(Exercise)
The listing below should be printed in full and exactly, apart from its images.

(Records for the task)
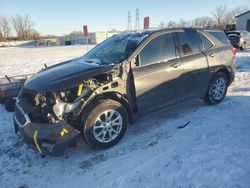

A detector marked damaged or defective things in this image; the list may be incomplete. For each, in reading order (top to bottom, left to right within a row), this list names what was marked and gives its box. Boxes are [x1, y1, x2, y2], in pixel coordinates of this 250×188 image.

dented hood [24, 58, 114, 92]
damaged black chevrolet equinox [13, 27, 236, 154]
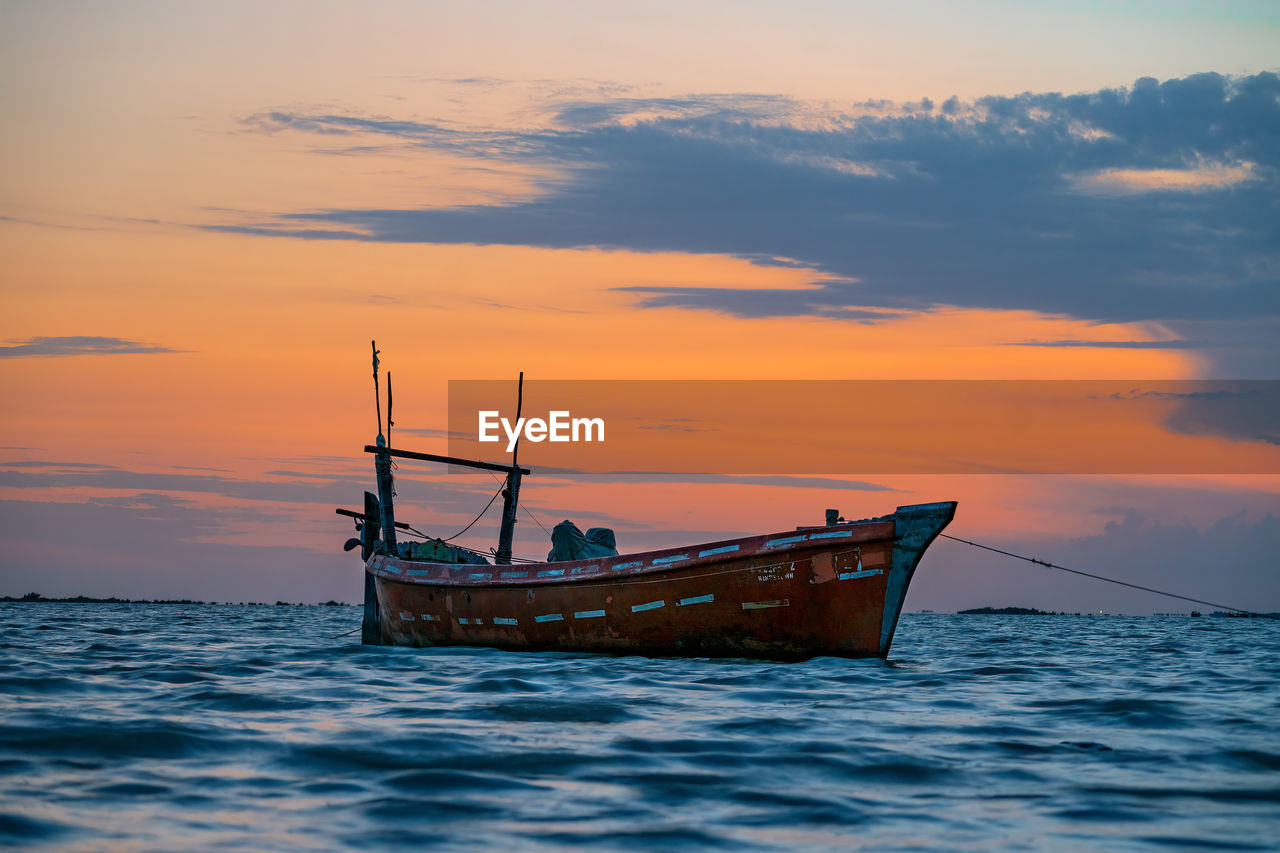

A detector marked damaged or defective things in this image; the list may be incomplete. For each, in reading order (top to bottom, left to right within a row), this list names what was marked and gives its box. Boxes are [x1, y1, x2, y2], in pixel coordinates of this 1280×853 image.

rusty hull [364, 500, 956, 660]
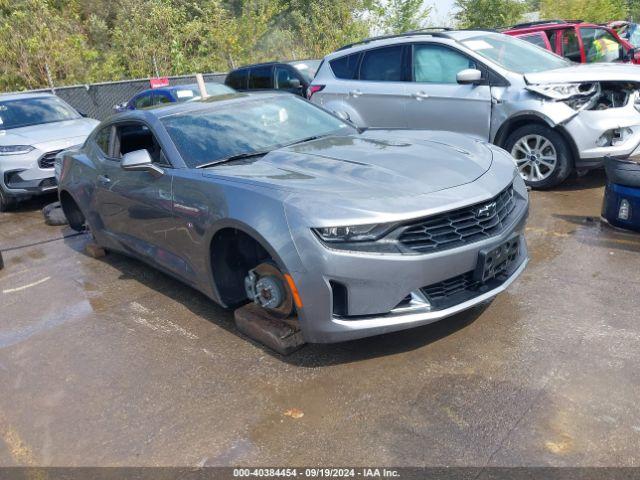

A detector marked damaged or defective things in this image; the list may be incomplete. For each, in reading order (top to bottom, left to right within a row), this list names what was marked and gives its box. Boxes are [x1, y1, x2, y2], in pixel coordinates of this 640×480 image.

(Written answer)
A detector marked damaged or defective things in this image; the list may be incomplete. For each, in reading order (top to bottom, left to right within a row), this list names what was marked and gives its box. Boxes are [x1, y1, x2, y2], in pixel coordinates of this 250×188 image.

dented hood [24, 58, 114, 92]
damaged black chevrolet equinox [13, 27, 236, 154]

A detector marked damaged or defective things in this image; the list may be incomplete. For each, in reading order (top to bottom, left to right within a row), this list names what was marked and gives its box. Boxes are [x1, y1, x2, y2], in pixel coordinates of this 1280×853 image.

rusty hull [364, 500, 956, 660]

A detector marked damaged or defective things in this image; the list may be incomplete. For each, in reading order (top to bottom, left to right within a row), this list names what was marked and gives its box. Boxes are [x1, y1, x2, y2], in pixel coordinates of this 640×480 image.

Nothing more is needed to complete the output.